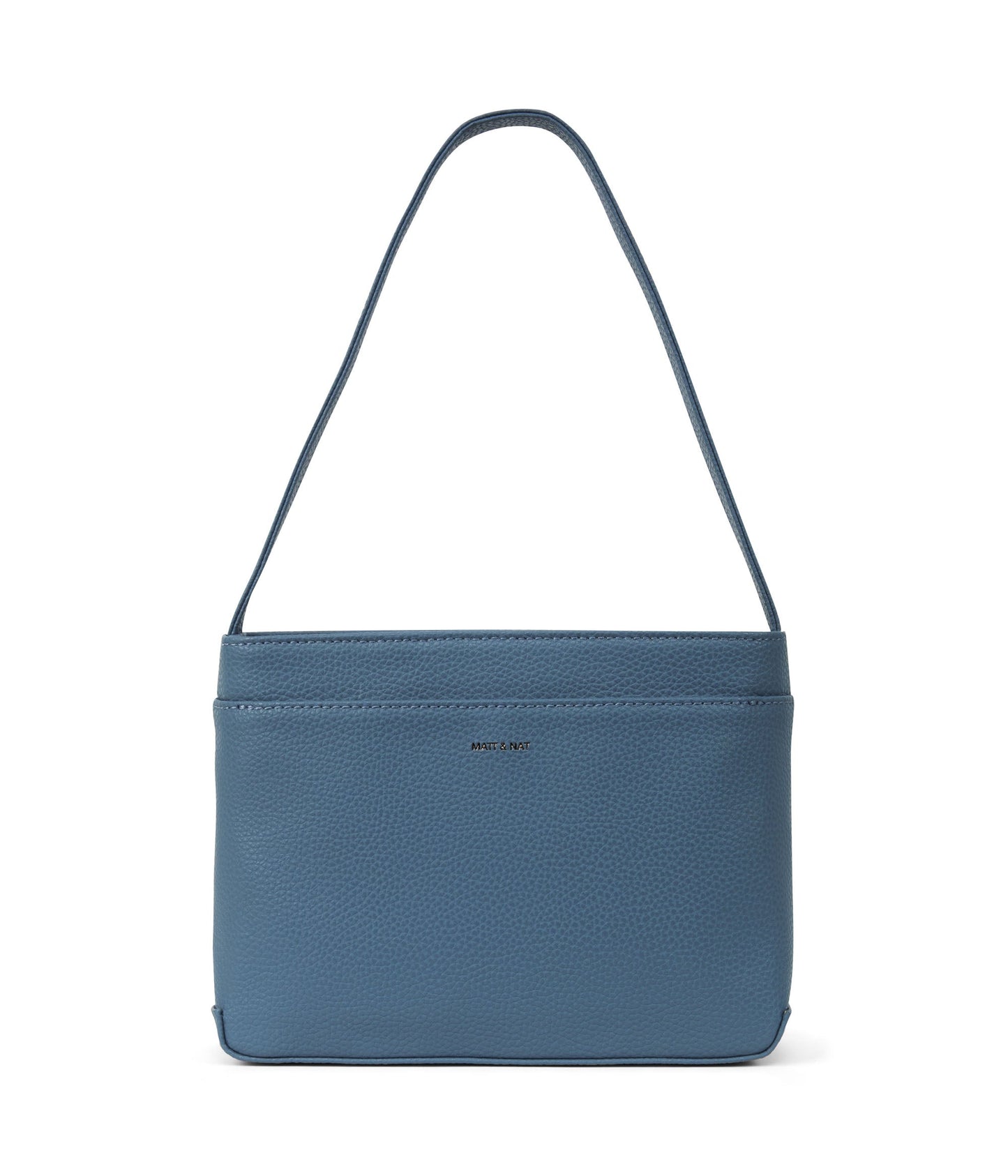 LUISA Vegan Shoulder Bag - Purity | Color: Blue - variant::galaxy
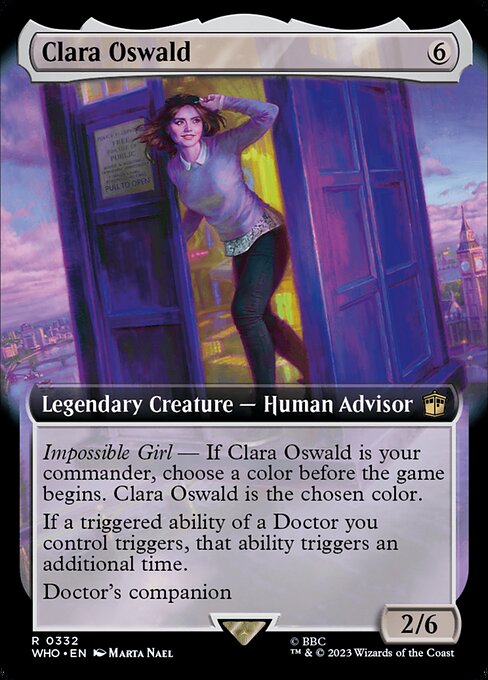 Clara Oswald XWHO-332 Rare Near Mint Englisch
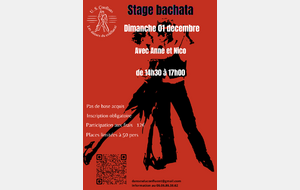 Stage de BACHATA le dimanche 1 decembre 2024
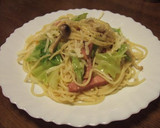 A picture of step 10 of Pasta with Spring Cabbage and Mushrooms.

* * * * * * * * *

§ **Exercise directions**: Write out the lines of the listing from the one that holds "Stage de BACHATA le dimanche 1 decembre 2024" to the very last line, both included, exactly as they appear and without any pictures.

§ **Reply**:
 Stage de BACHATA le dimanche 1 decembre 2024
 A picture of step 10 of Pasta with Spring Cabbage and Mushrooms.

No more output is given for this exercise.